### BRIEF:
The reply should match the listing below character for character, except that no image is carried over.
EXCERPTED DATA Start Marker
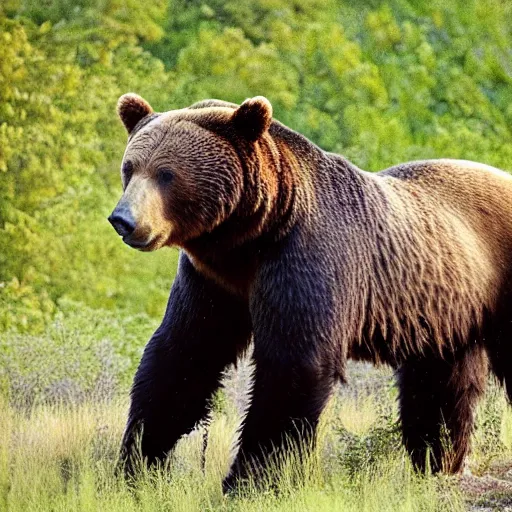 Prompt: a bear standing next to a lion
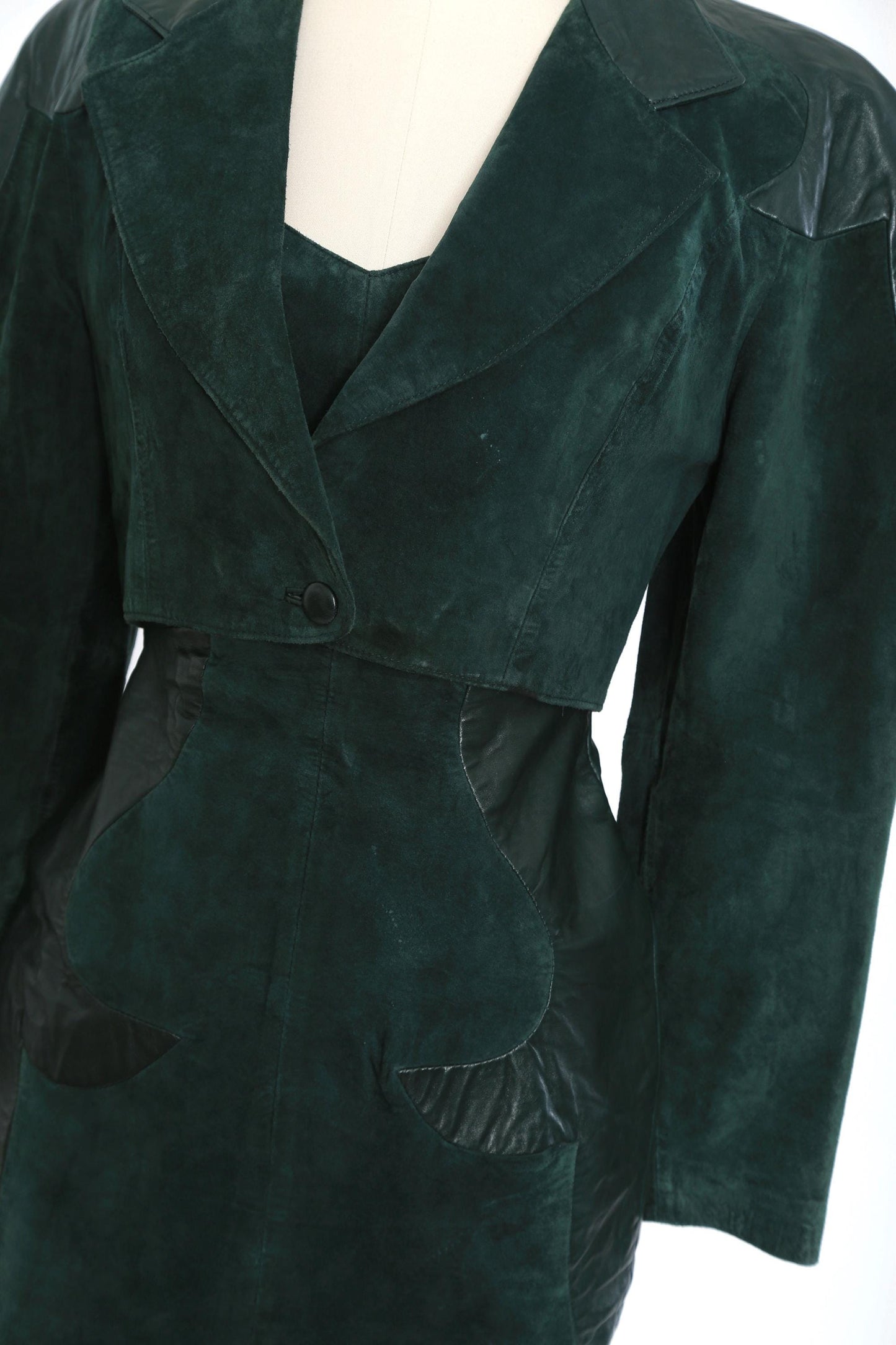 Vintage Micheal Hoban North Beach green leather mini dress + cropped jacket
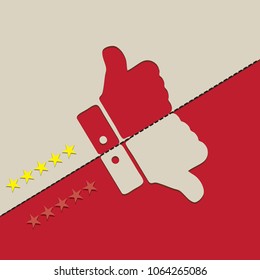 Application for quality - low or high. Vector illustration.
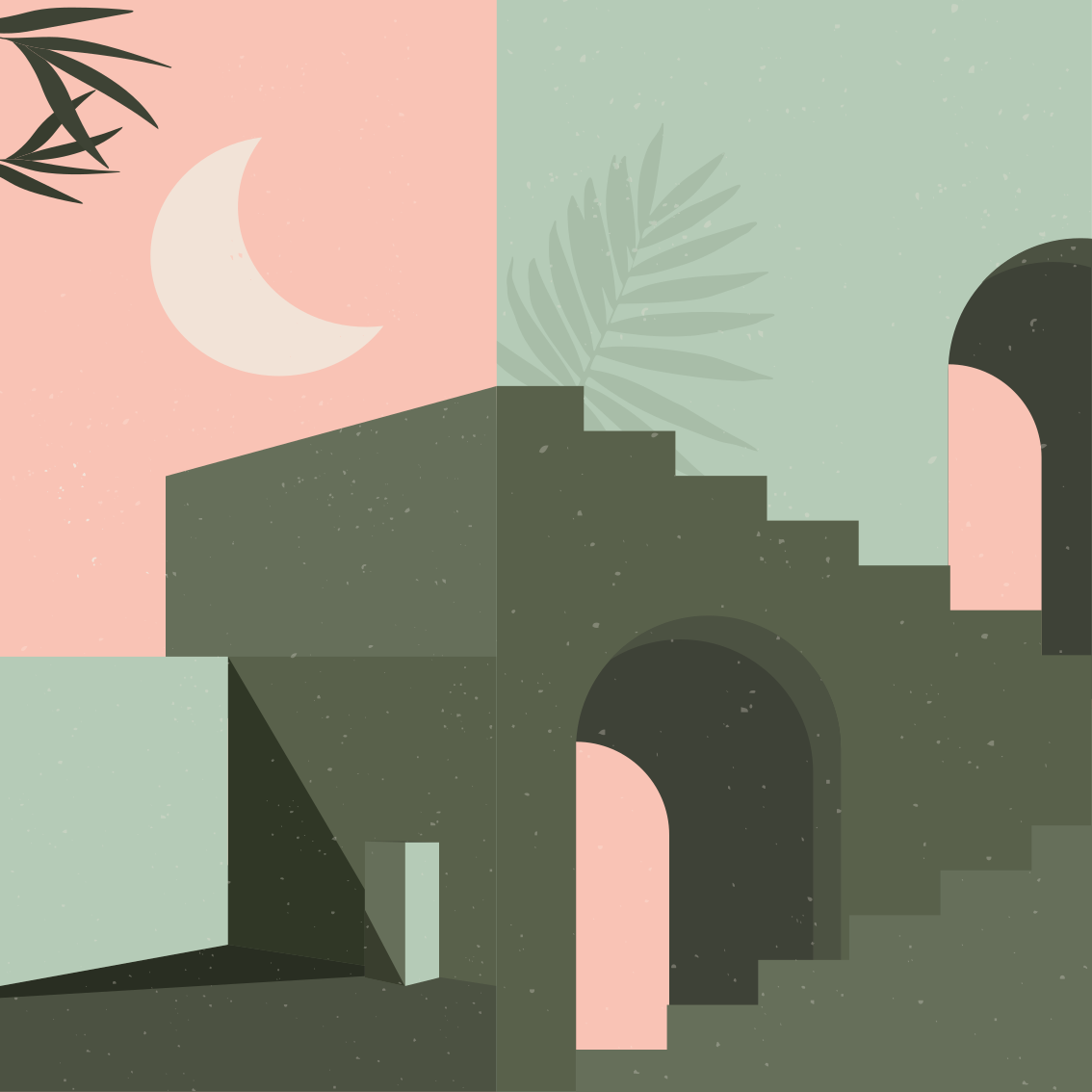 Living room poster in pink and turquoise design - TenStickers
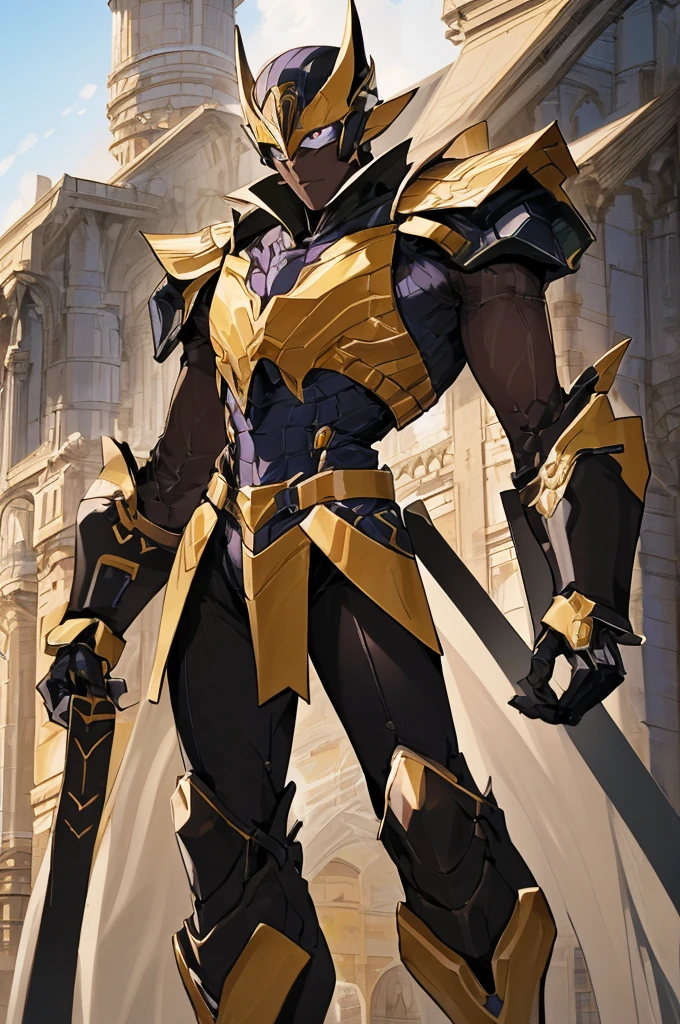 high resolution、masterpiece、Fantasy anime world、middle East、3人のmale(Brave(male)good looking、and the Golem User、Young Beard、and the Wizard)、and a golem like Megazord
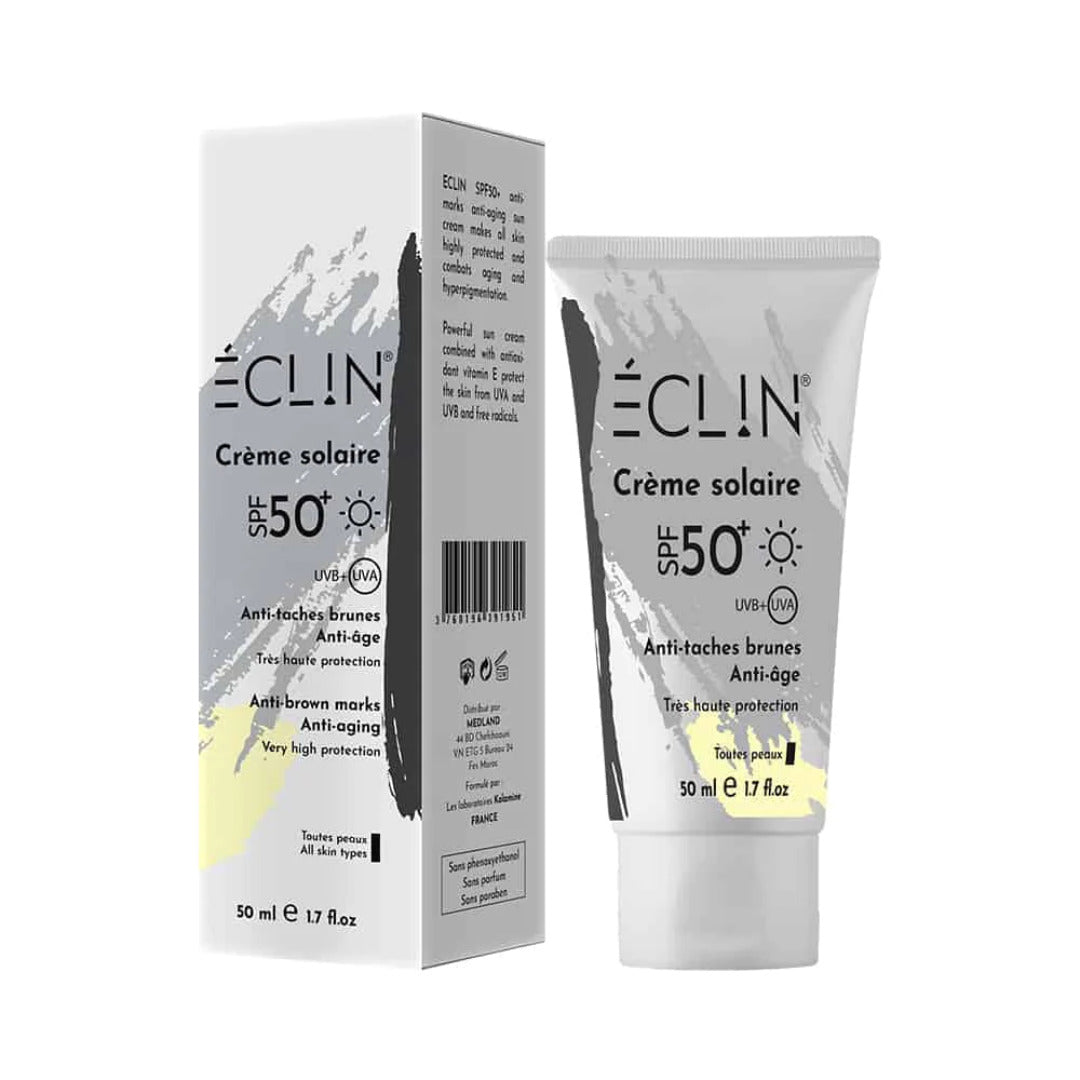 Eclin crème solaire anti-taches brunes anti-âge SPF50+ 50 ml, tube et étui gris, très haute protection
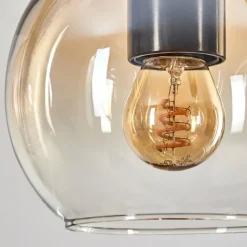 hofstein Koyoto Suspension, Boule lumineuse, Suspension Écru, Noir, 5 lumières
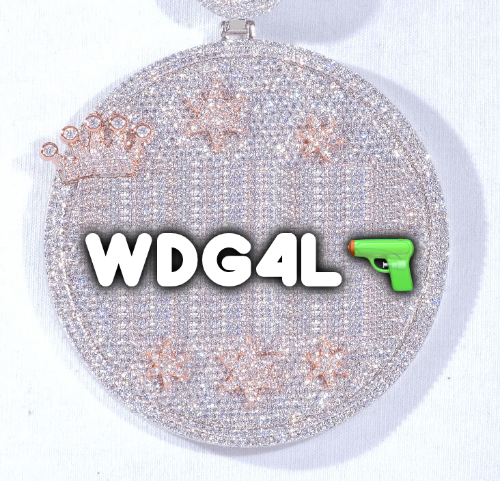 CUSTOM LETTER NECKLACE 3D BIG CROWN DISC
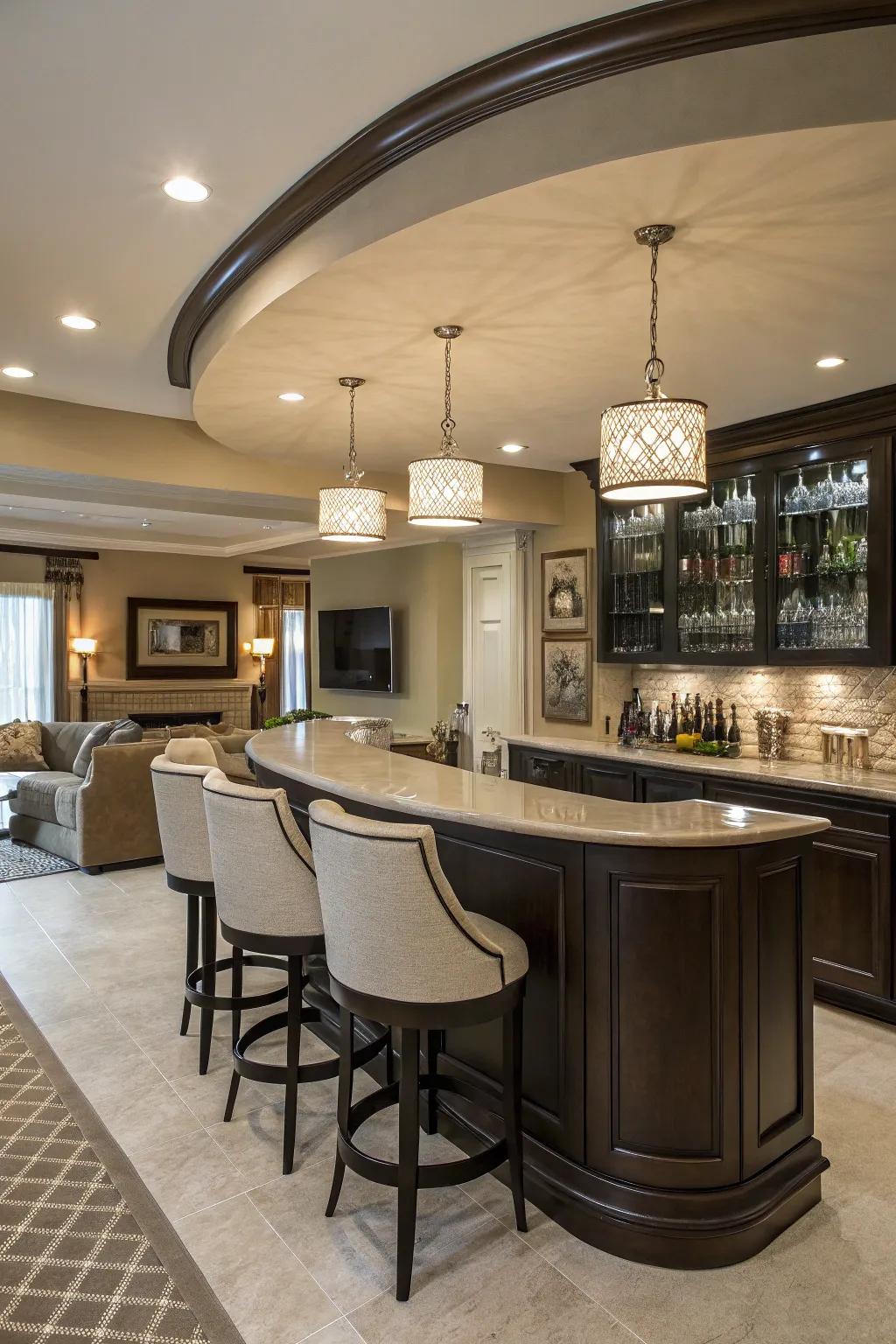 A home bar with a chic curved counter enhancing the room's flow.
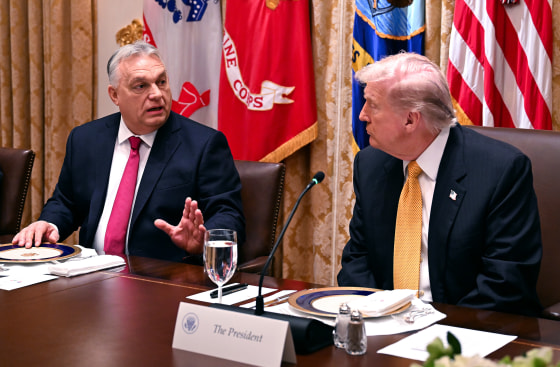 Prime Minister of Hungary Viktor Orban and President Donald Trump in the White House.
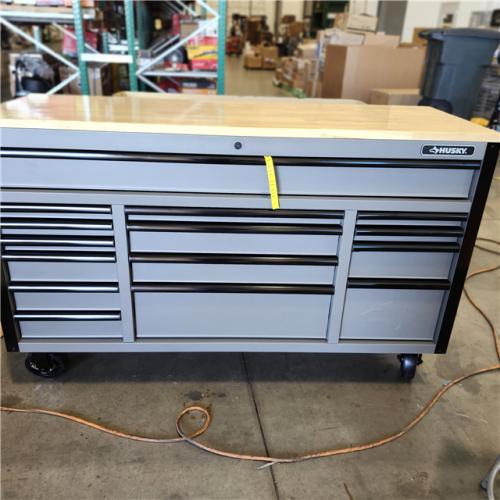 DALLAS LOCATION- Husky Heavy Duty 61 in. W x 23 in. D 15-Drawer Matte Gray Mobile Workbench Cabinet with Solid Wood Top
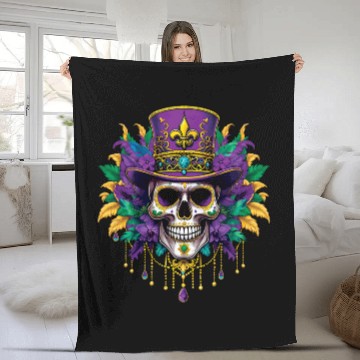 Discover Sugarskull Muertos Festival Parade Mardi Gras Fleece Blankets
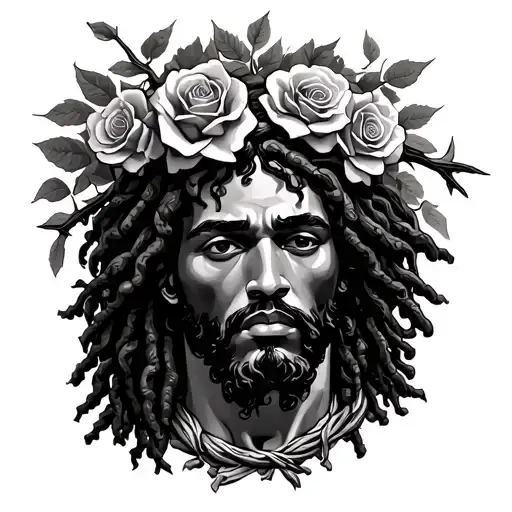 Afrocentric jesus with thorns and locs. Roses at the top of his head with thorn vines framing him.  tattoo design idea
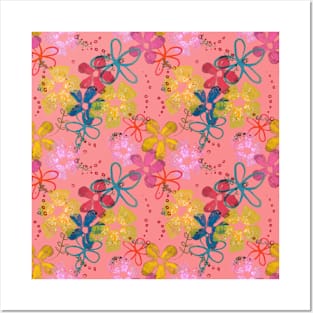 Flowers on Pink Background Posters and Art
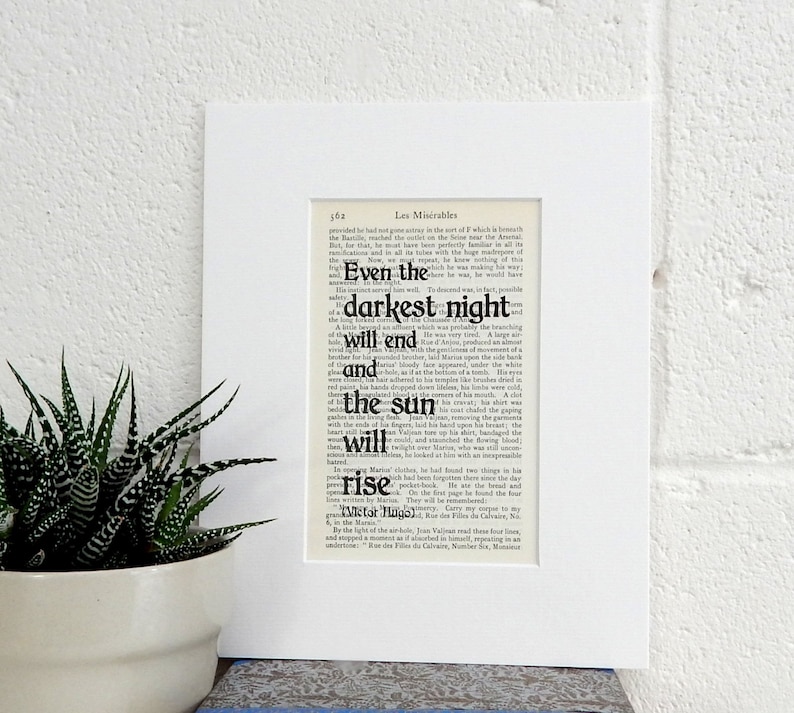 Victor Hugo Vintage Book Quote Print Les Miserables Book | Etsy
EXCERPTED DATA End Marker
### RESULT OF THE TASK:
 Prompt: a bear standing next to a lion
 Vintage Micheal Hoban North Beach green leather mini dress + cropped jacket
 Application for quality - low or high. Vector illustration.
 Living room poster in pink and turquoise design - TenStickers
 high resolution、masterpiece、Fantasy anime world、middle East、3人のmale(Brave(male)good looking、and the Golem User、Young Beard、and the Wizard)、and a golem like Megazord
 Eclin crème solaire anti-taches brunes anti-âge SPF50+ 50 ml, tube et étui gris, très haute protection
 hofstein Koyoto Suspension, Boule lumineuse, Suspension Écru, Noir, 5 lumières
 CUSTOM LETTER NECKLACE 3D BIG CROWN DISC
 A home bar with a chic curved counter enhancing the room's flow.
 Prime Minister of Hungary Viktor Orban and President Donald Trump in the White House.
 DALLAS LOCATION- Husky Heavy Duty 61 in. W x 23 in. D 15-Drawer Matte Gray Mobile Workbench Cabinet with Solid Wood Top
 Discover Sugarskull Muertos Festival Parade Mardi Gras Fleece Blankets
 Afrocentric jesus with thorns and locs. Roses at the top of his head with thorn vines framing him.  tattoo design idea
 Flowers on Pink Background Posters and Art
 Victor Hugo Vintage Book Quote Print Les Miserables Book | Etsy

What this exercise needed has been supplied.